También, entre sus intentos de echar toda la culpa de lo sucedido a los demás, como ya hicieron sus colegas del crimen en Núremberg en 1945, Eichmann da fuerza a lo que se ha dado en llamar la escuela funcionalista en relación con el holocausto y en contraposición a los intencionalistas. Estos últimos, entre los que hay mucho historiador joven anglosajón, piensan que desde un principio en 1933 había en Alemania un Gobierno con las cámaras de gas diseñadas. Esto es sobreestimar a la banda de rufianes que, con su cóctel ideológico de igualitarismo, racismo y expansionismo, así como la inestimable colaboración de la cobardía histórica de muchos segmentos clave en la sociedad alemana, hicieron posible este inmenso fracaso de la civilización y la quiebra total de la piedad.

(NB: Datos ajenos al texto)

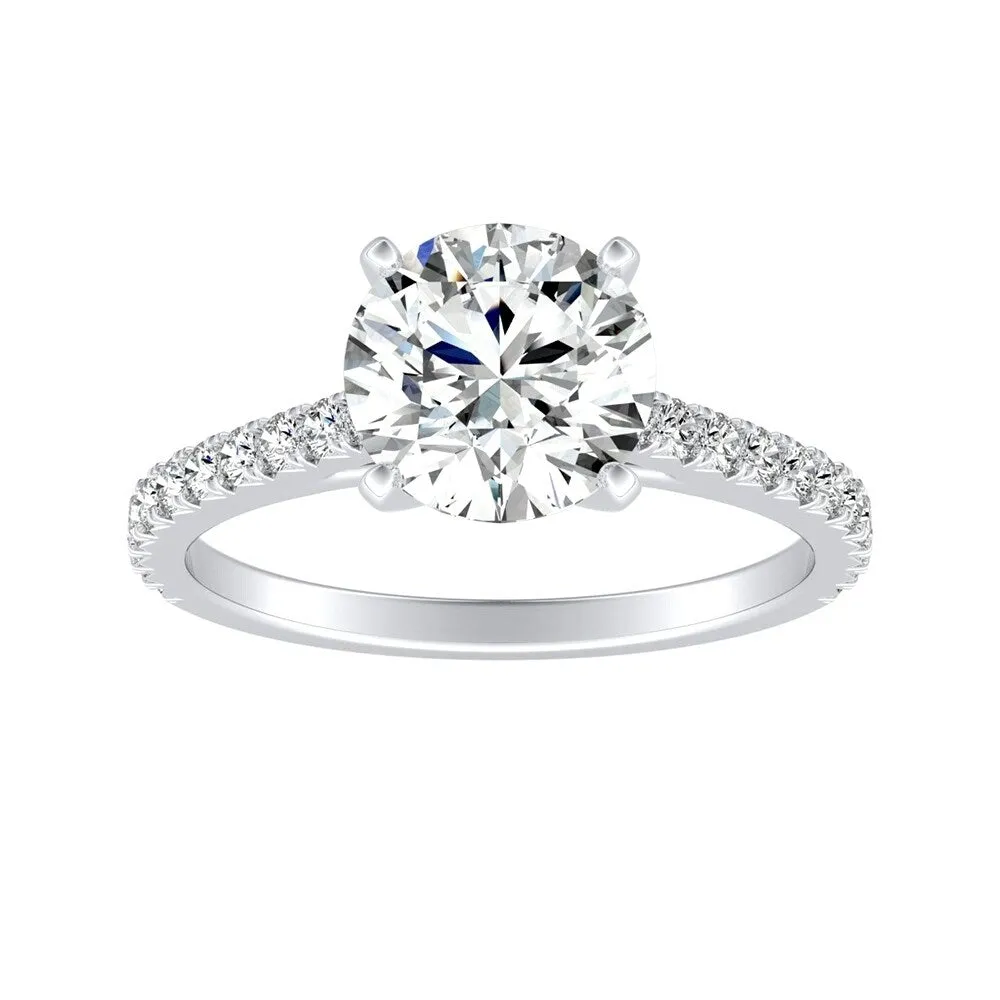 Auriya 14k Gold Round 3ct Moissanite and 1/3ctw Diamond Engagement Ring sold by Zulily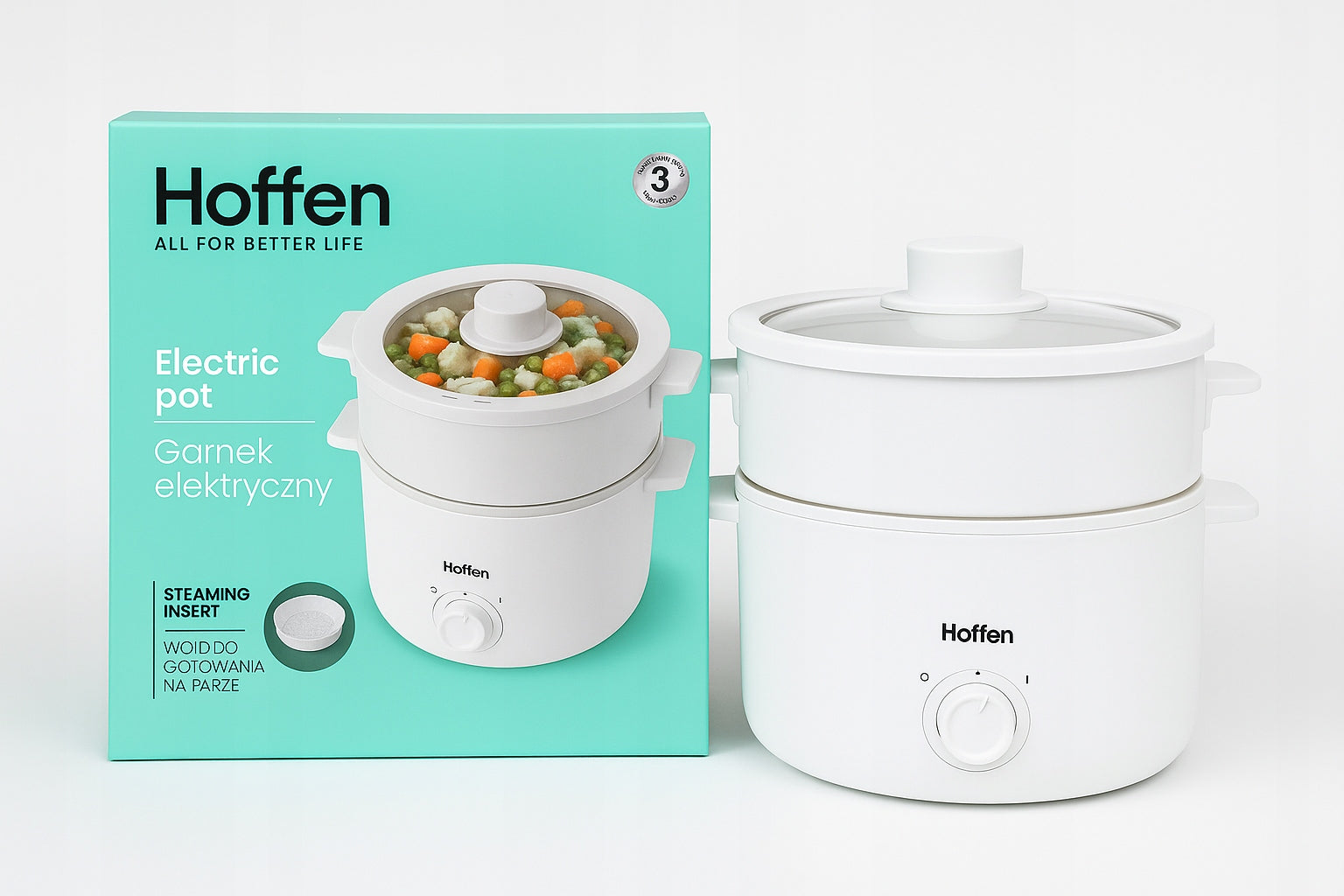 Electric pot Hoffen 1000 W with steaming function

Eichmann, en Tel Aviv, luchando contra una pena de muerte que no pudo evitar, se dedicó a escribir y escribir, incluso a divagar con ensoñaciones de niñez. Pero nada suena a luto. Son 600 páginas estas memorias que dejan a uno convencido de que Eichmann habría tenido un inmenso disgusto con un desajuste de horarios, quizás eso le habría hecho recapacitar que más allá de la obediencia podría estar lo que Hannah Ahrendt llama "la piedad animal que sienten todos los hombres normales en presencia del sufrimiento físico". Eichmann era normal. Es lo que más ha de aterrorizarnos.

Las cuentas del crimen

Zygmunt Baumann y Hannah Ahrendt explican muy bien la dinámica de escalada del crimen. Y su banalidad. Ante una tarea semejante, "el maestro político es un diletante frente al experto, ante el funcionario cualificado en la administración". Hay un objetivo que conseguir, la desaparición de un cierto territorio de un cuerpo hostil como los judíos eran para los nazis. La forma de hacerlo dependía de las circunstancias, siempre valoradas por los expertos, que calculaban viabilidad y costes.Aquí estaba el reino de Eichmann. Quería en principio mandar a los judíos a Madagascar. Resultaba muy caro y los barcos en guerra tienen otras funciones que servir de crucero para deportados. Después quiso crear un inmenso gueto en Polonia. Pero también allí las autoridades alemanas querían menos judíos, a ser posible ninguno, no más. Así las cosas, el 20 de enero de 1942 se decidió definitivamente que la mejor forma de acabar con los judíos era matarlos a todos. Las cuentas cuadraban. Más barato el Zyklon B, el gas para las famosas duchas de los campos de exterminio, que el gasóleo y los fletes a ningún sitio.